Every state in the USA today has its own laws on personal data, and therefore citizens are not protected in any way in the matter of the safety of confidential information. The adoption of a single federal law can solve the problem, experts in this field believe. The closest analogue is the General Data Protection Regulation (GDPR), which operates in the European Union.According to Wirecutter, at the moment the situation with personal data in the United States is as follows:
- in most states, companies can use, distribute and sell any data about users without notifying them about it in any way;none of the national laws sets standards on when a company should notify a user that his data has been hacked or unauthorized transferred to third parties;
- if the company transfers the user’s data, including confidential information about his health and location, to third parties (for example, data brokers), they can freely sell and share them without notifying about it.
- Today, only California, Virginia and Colorado have uniform and comprehensive personal data protection laws.
They, of course, apply only to residents of these three states and do not apply to the whole country.

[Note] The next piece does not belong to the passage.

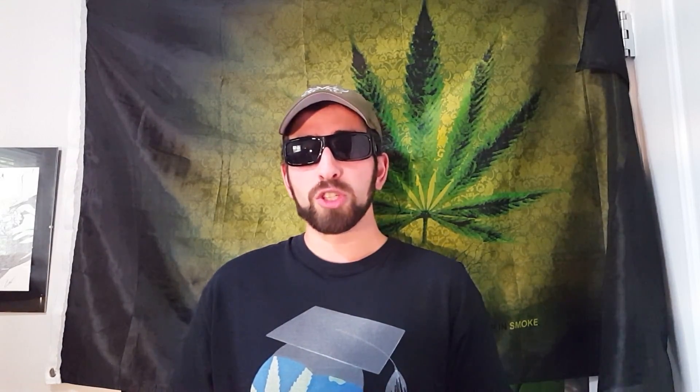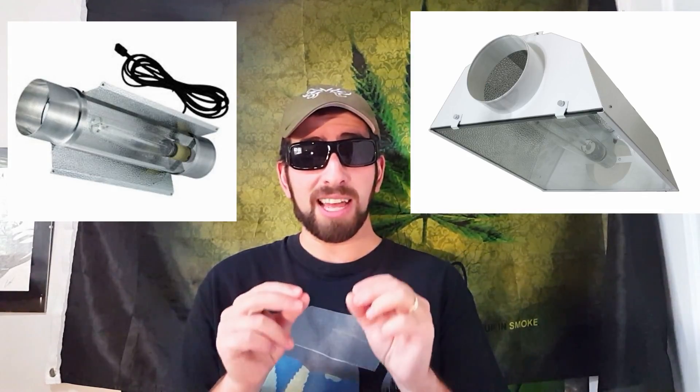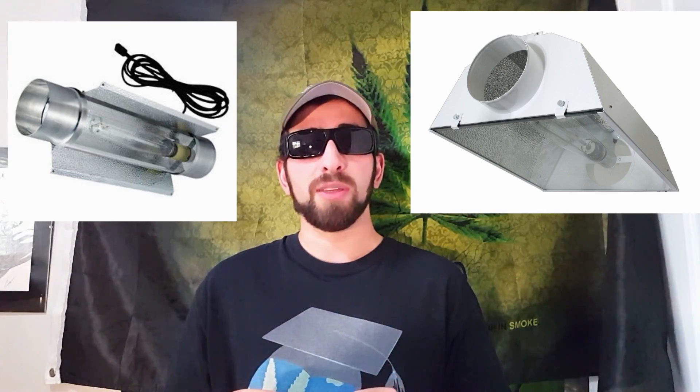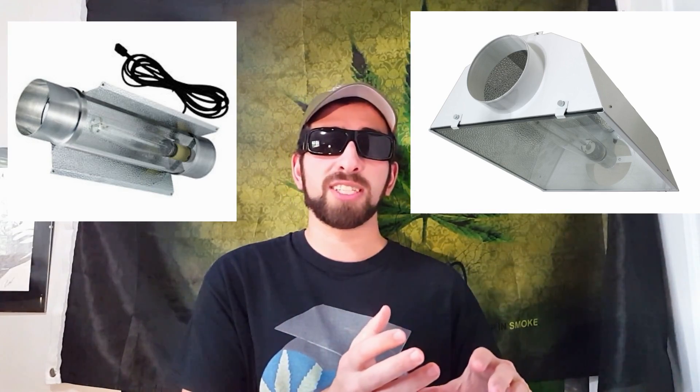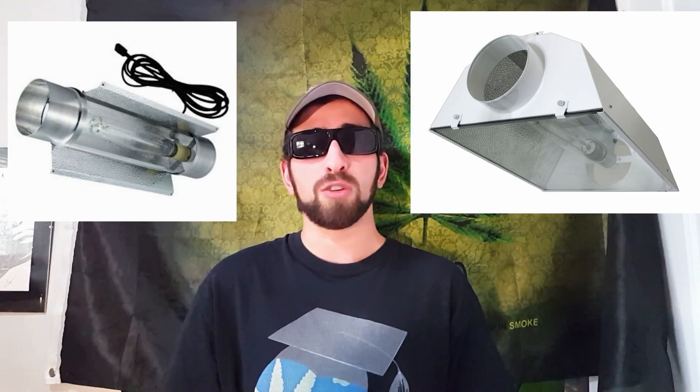For extra cooling, you can resort to a recirculating air conditioner, which is effective at changing temperature but inefficient in terms of electrical consumption. Also, HID bulb growers can reduce heat by switching lights to tube-style reflectors or hood-style with glass, so you can run them on a separate ventilation system from the rest of the room and keep the heat totally out of the equation.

The strictest personal data laws apply in California. Citizens even have the opportunity to sue the company for leaking certain confidential information. But the law of the state of Virginia, on the contrary, has many weaknesses — it was adopted under the strong influence of Amazon, and therefore is business-oriented and does not protect the rights of citizens in any way.
Experts believe that the problem can be solved by developing its own analogue of the GDPR — the regulation of the European Union, which came into force in 2018. It requires companies to ask users for permission to use and distribute personal data. At the same time, a person has the right to access them and even demand to delete certain information about himself.
The US does not have the same comprehensive privacy regulation. Instead, the country has a number of disparate federal laws regulating only certain types of data. Among them are the Health Insurance Mobility and Accountability Act (HIPAA), the Electronic Communications Privacy Act (ECPA), the Children’s Online Privacy Protection Act (COPPA) and others.
At the same time, most American citizens do not know what is hidden behind all these abbreviations. Due to the lack of transparency and the lack of a unified system, people simply do not understand exactly what rights they have regarding the safety of their data.
That is why the experts interviewed by Wirecutter talk about the need to adopt a unified federal law on personal data protection. “Consumers should clearly understand the rights they have with respect to their data,” says Whitney Merrill, a specialist in personal information protection.
Now various experts, activists and individual officials are trying to lobby for such a law. However, so far its adoption has not been discussed at the highest level.